こんにちは!千葉のフリーランス・個人事業主専門の税理士、福地です。

税務調査の現場ではしばしば「反面調査」が行われます。

「反面」という言葉のとおり、本人の反対つまり取引先などへの聴取・照会等を指します。

反面調査を行うと取引先に「あの人税務調査を受けているのか!」ということが伝わってしまうため、嫌がる方がほとんどです。

反面調査に本人の了解は要らない

税務調査は「適正・公平な課税を実現するため必要不可欠なもの」という大義があります。

これを実現するための反面調査は、権限のある税務職員が調査に必要と認めた場合に行うこととなっています(国税通則法という法律に規定があります)。

「必要と認めたときは」という曖昧な基準で、ほとんど調査官の裁量にゆだねられているのが実情。本人の承諾も不要です。

さすがに高飛車な物言いで「指示に従え、従わなければ反面調査するぞ」と脅してくるようなことはありませんが、強硬な態度を取ったり、帳簿等を見せるのを嫌がったりすると反面調査になりやすいです。

反面調査をされると困る・・という場合、調査に協力的な姿勢を見せることが必要となります。

税務署の管轄を超えて反面調査が可能

税務署が行う税務調査は、その管轄地域内の納税者に限られます。

しかしながら、反面調査に所轄区域は関係ありません。

日本国内どこの地域であっても反面調査に関する職員の権限は及ぶものとされています(国外までは及びません)。

「個人情報保護」も通用しません

「個人情報保護の観点から反面調査は違法だ!」と主張する方もいます。

税務調査は個人情報保護法で規定する「法令に基づく場合には制限されない」に該当します。

本人が受ける調査、反面調査とも個人情報保護からは外れますので、この主張は通りません。
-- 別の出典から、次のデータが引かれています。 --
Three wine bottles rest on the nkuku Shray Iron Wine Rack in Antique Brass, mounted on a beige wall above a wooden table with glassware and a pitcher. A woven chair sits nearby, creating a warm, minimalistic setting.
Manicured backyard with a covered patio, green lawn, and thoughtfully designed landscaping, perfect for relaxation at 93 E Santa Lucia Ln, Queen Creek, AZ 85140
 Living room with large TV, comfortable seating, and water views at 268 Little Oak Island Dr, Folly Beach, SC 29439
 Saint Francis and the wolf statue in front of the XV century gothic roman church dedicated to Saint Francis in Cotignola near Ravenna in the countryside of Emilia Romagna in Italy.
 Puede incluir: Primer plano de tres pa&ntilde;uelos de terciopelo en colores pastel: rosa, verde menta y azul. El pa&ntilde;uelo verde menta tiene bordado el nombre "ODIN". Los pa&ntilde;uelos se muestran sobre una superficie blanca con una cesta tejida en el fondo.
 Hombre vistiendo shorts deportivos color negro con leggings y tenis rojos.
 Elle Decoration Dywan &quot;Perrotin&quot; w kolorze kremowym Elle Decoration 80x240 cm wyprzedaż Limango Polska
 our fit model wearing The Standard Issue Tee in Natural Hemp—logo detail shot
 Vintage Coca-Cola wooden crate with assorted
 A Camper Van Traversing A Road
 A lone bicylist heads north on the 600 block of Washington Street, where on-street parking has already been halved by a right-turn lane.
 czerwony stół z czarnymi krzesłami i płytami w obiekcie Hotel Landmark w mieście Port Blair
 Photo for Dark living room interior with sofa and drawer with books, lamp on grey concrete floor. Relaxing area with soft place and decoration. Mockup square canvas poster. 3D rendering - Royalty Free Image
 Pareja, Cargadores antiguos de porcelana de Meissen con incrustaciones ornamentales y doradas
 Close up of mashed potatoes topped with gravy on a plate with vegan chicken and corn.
なお、調査でなく「情報収集のため」であるときは別で、税務当局の協力要請に対する承諾がなければ、当局は収集ができないとされています。

終わりに

反面調査に関する争いで納税者が勝ったことはありません。

権限は強力で、ほとんど「行かれたら負け」というものです。

調査を受ける際は、協力的な姿勢を見せつつ、主張すべき部分は主張する、といった対応が重要になります。

【編集後記】
反面調査には文書で照会をかける場合と、実際に訪問する場合があります。
どちらにしても「調査に入られたんだな!」ということはわかってしまいます。